WHAT IS REQUIRED –
Transcribe exactly, and only, the lines running from the one with "Parador De Alarcón Dış mekan fotoğraf" to the end of the entries below, both included, without any pictures.

::: DATA

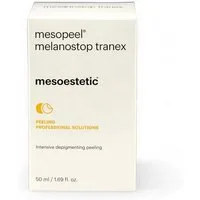 mesoestetic® Gesichtspeeling Mesoestetic Mesopeel Melanostop Tranex 50ml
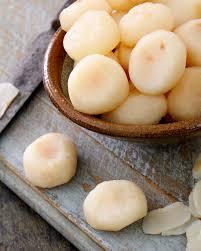 Viet Nam Special Ingredient All-purpose Powder/ Water Chestnut <b>Flour</b>/ Burmef Powder Supply in Bulk / Holiday - Product Image 2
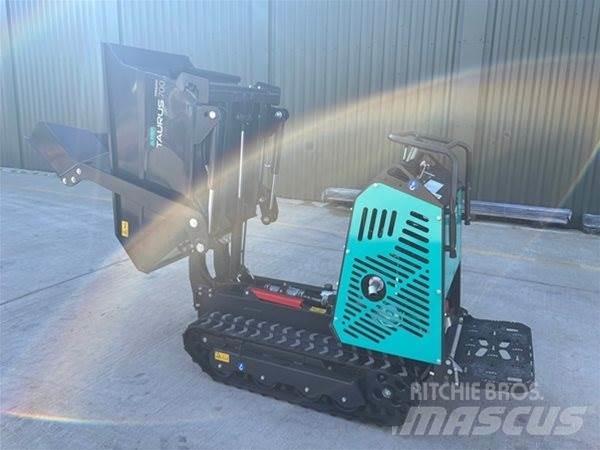 Imer Taurus Bouw - Overige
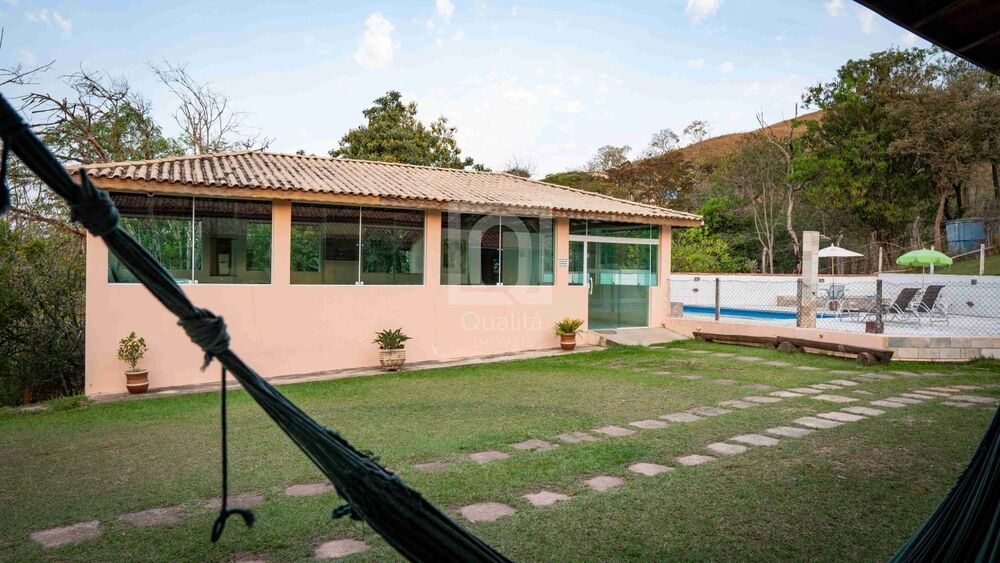 Sítio, 4 quartos, 2 hectares - Foto 17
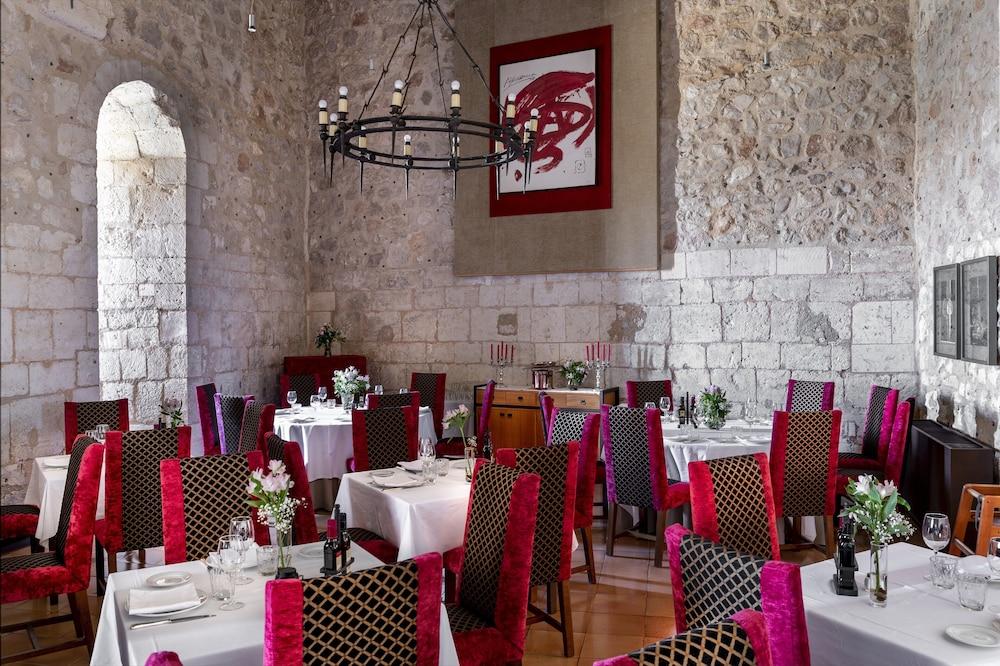Parador De Alarcón Dış mekan fotoğraf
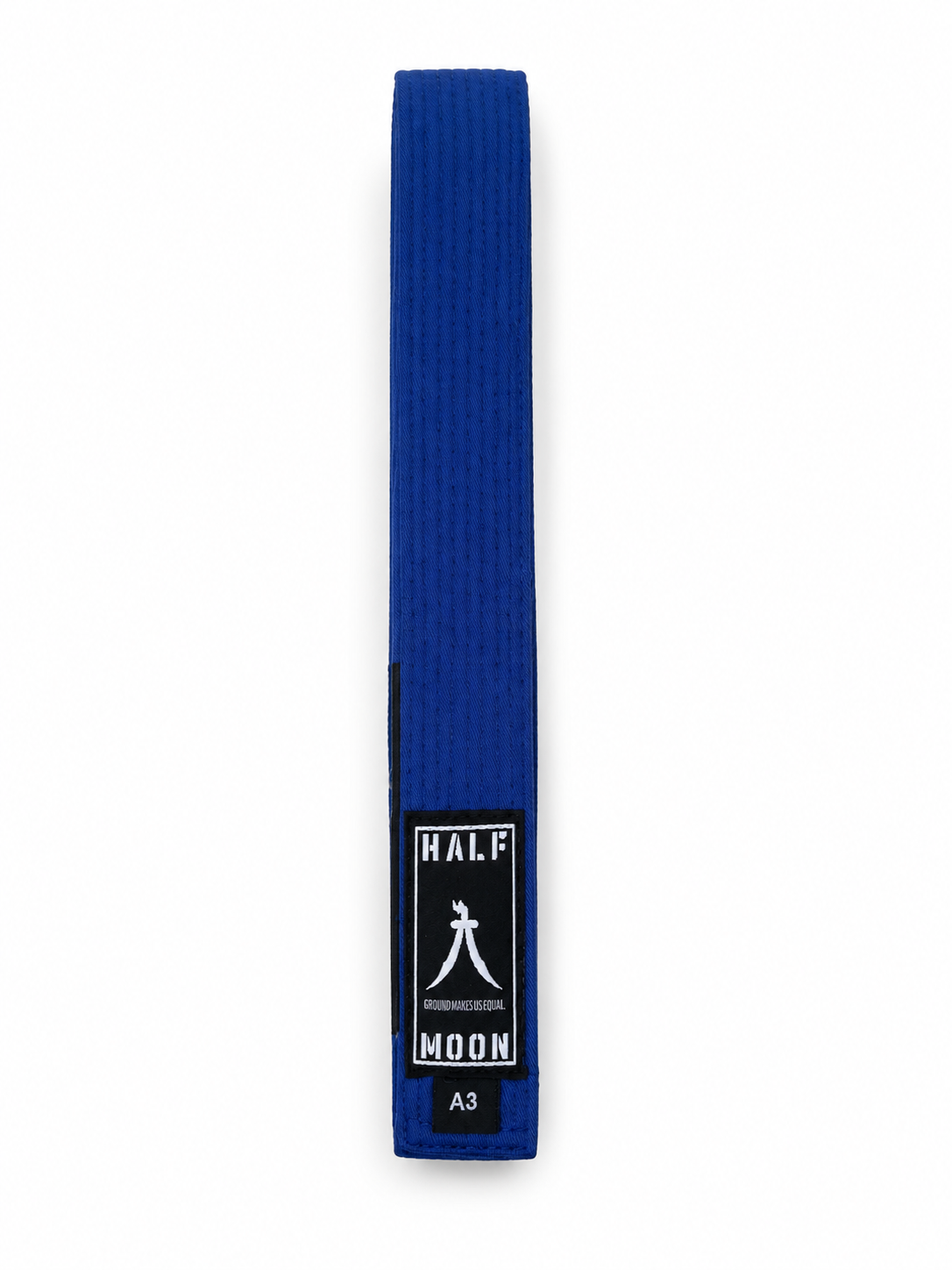 Plume - Ultra Light BJJ Belt - Kids & Adults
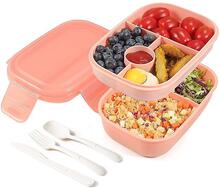 Stapelbar Bento Lunchbox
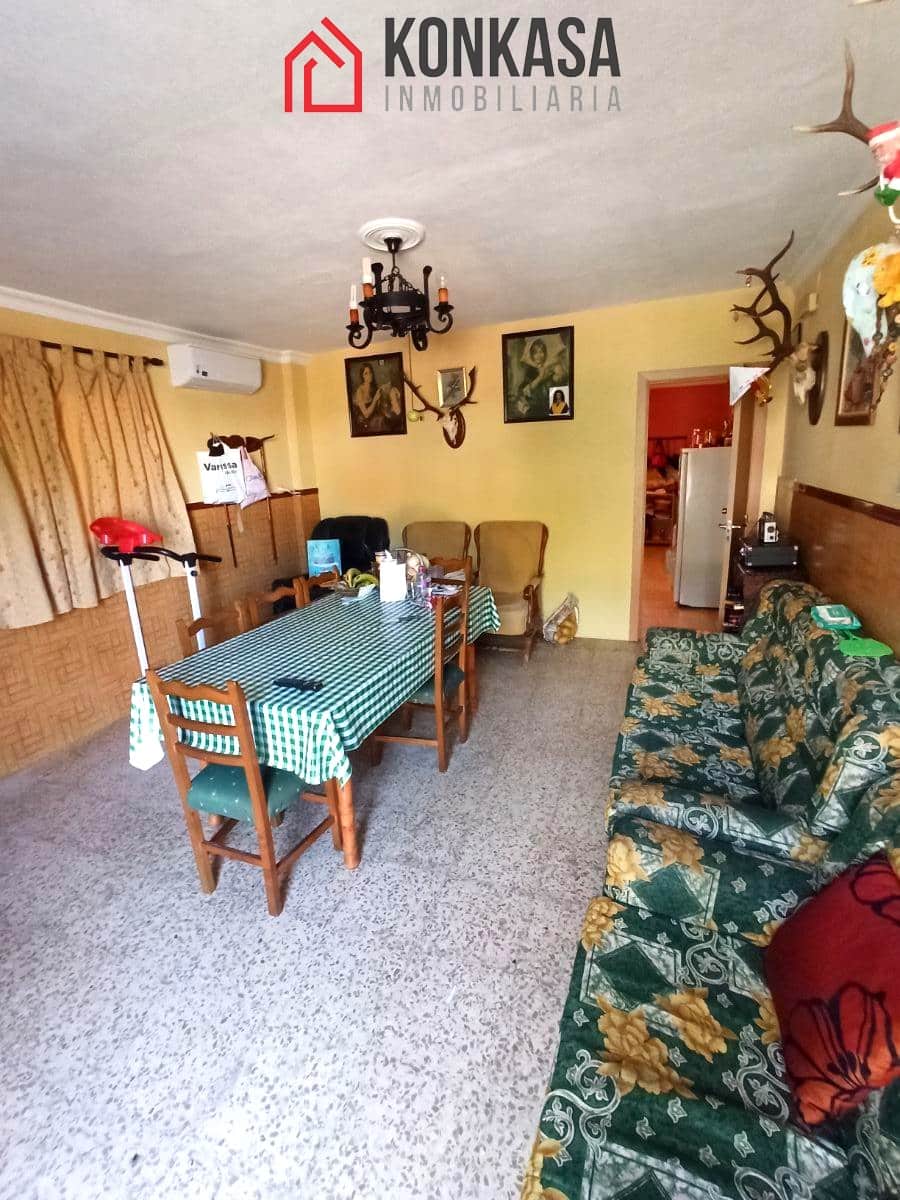 4 soverom Villa til salgs i Arcos de la Frontera med garasje - € 150 000 (Ref: 9446789)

::::::

ANSWER TO THIS TASK –
Parador De Alarcón Dış mekan fotoğraf
 Plume - Ultra Light BJJ Belt - Kids & Adults
 Stapelbar Bento Lunchbox
 4 soverom Villa til salgs i Arcos de la Frontera med garasje - € 150 000 (Ref: 9446789)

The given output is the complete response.